曹宣兩天兩夜沒有闔眼,覺得自己累得隨便找個地方都能趴下了。
他哪里還有精神去觀察眾人的神色,原地團團地轉著圈兒,喃喃地道:“怎么沒有椅子?我要坐一會……”
趙嘯雙手抱肘,冷眼旁觀。
姜律正在為因為曹宣的出現而沒有讓他被拖入欲望的深淵而慶幸、心虛,見狀不由掩飾般地上前朝著曹宣就是一腳,道:“你他媽帶的圣旨呢?先讀完了圣旨再找地方歇著。”
曹宣被踢的一個趔趄差點就摔在地上,還好衛屬眼明手快將他扶住了。
“這圣旨不是給你們的。”曹宣因此而清醒了很多,道,“嘉南在哪里?這道圣旨是給嘉南的!”
眾人愕然。
李謙朝衛屬望去,眉目間有些明顯的不悅。
衛屬再次無聲地點了點頭,示意李謙稍安毋燥。
姜律則比李謙表現的明顯多了,他皺著眉問曹宣:“到底是怎么一回事?是皇上的圣旨還是太后的懿旨?怎么是你來傳旨?我長這么大還沒有見過圣旨不能當眾宣讀的!應該是口喻吧?”
王瓚聞言立刻反應過來,忙道:“曹宣,這件事與曹家無關。你別無中生有!皇上那里責怪下來,自有我和阿律哥頂著。你還是站到一旁去,等會和我們一起回京就是了。刀槍無眼,你可別傷著自己?!?
言下之意,不要說是懿旨了,就算是圣旨,如果內容荒誕,得不到他們的承認,他們一樣不會遵照執行的。

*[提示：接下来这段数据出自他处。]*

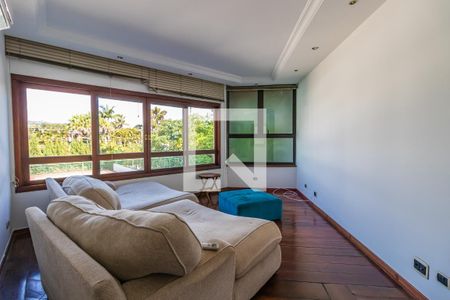 Sala Privativa de casa de condomínio para alugar com 6 quartos, 420m² em Alphaville, Santana de Parnaíba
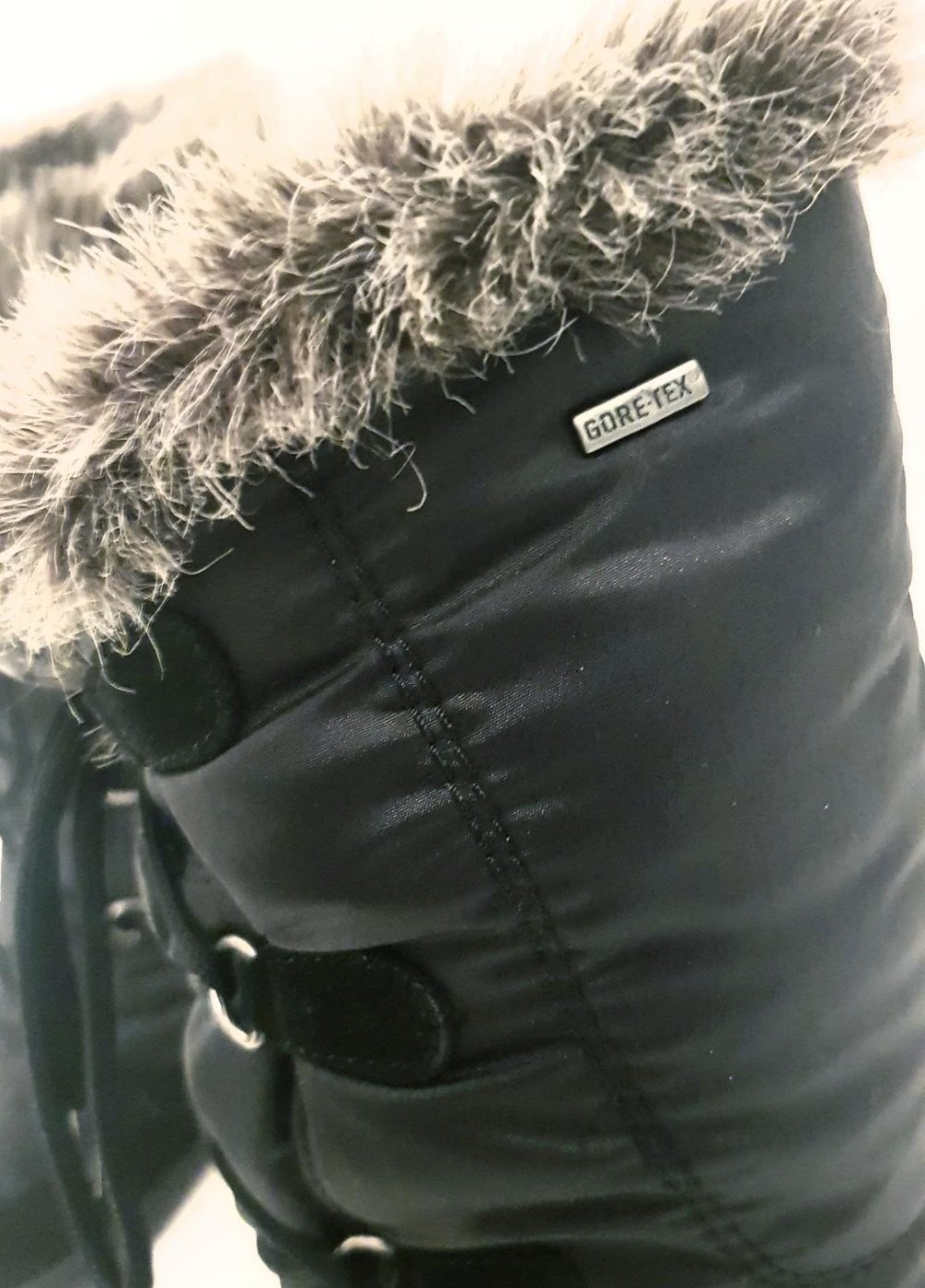 Damen Winterstiefel Snowboots gefüttert Gore-Tex Kunstfell schwarz Gr. 37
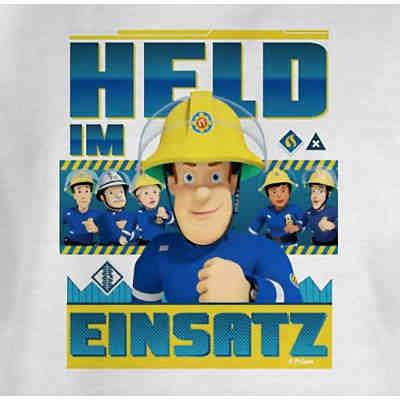 Feuerwehrmann Sam Jungen - Jungen Kinder T-Shirt - Held im Einsatz - T-Shirts für Jungen 2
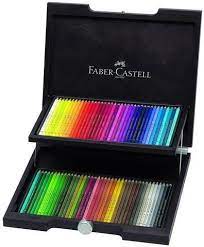 فابر كاستل علبة الوان خشبية من 72 لون مكاتب كوم colored pencil set faber castell watercolor pencils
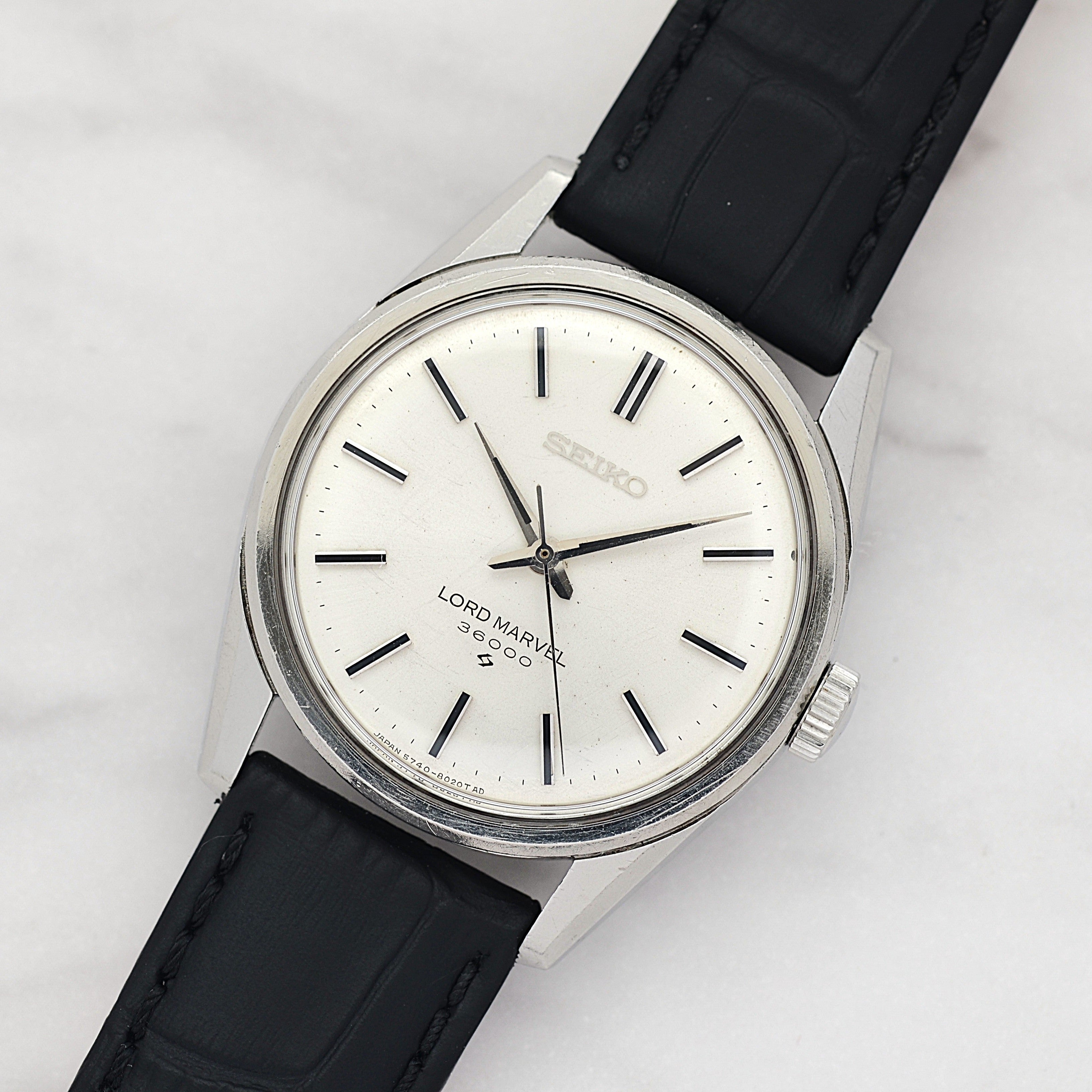 【SEIKO】Seiko Lord Marvel 36000 SS Bar Early Model Seahorse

趙嘯此時也反應過來,冷笑道:“曹宣,你別弄得大家都煩你?!?
威脅的味道十足。
曹宣在心里苦笑。
還真讓自己猜對了。
姜家就有這么大的膽子!
如果事情得不到姜律的認可,姜律根本不會接旨。
而且還得罪了趙嘯。
自己這是典型的吃力不討好!
可這關系到姜憲的終身幸福,除了姜憲,誰也沒有辦法代替她做決定。
這件事無論如何也要先商量姜憲。
如果是平時,曹宣肯定要和顏悅色的想辦法說服姜律,可現在,他又困又累又渴又餓,實在是無力也無心和姜律、趙嘯糾纏,他掐了自己兩下,覺得腦子又清醒了幾分,他索性扯著虎皮做大旗,道:“我是受了太皇太后的意思來見嘉南的。這件事鎮國公也知道。兩位長輩都讓我把圣旨直接交給嘉南?!比缓笏謱傻溃鞍⒙?,嘉南自幼被先帝抱著坐在金鑾殿上用玉璽蓋著奏折玩,你覺得她會不認識我手中的到底是懿旨還是圣旨嗎?何況見過嘉南之后,圣旨上寫的是什么,如果不給你們看,你們會憑著我的三言兩語就遵照執行嗎?”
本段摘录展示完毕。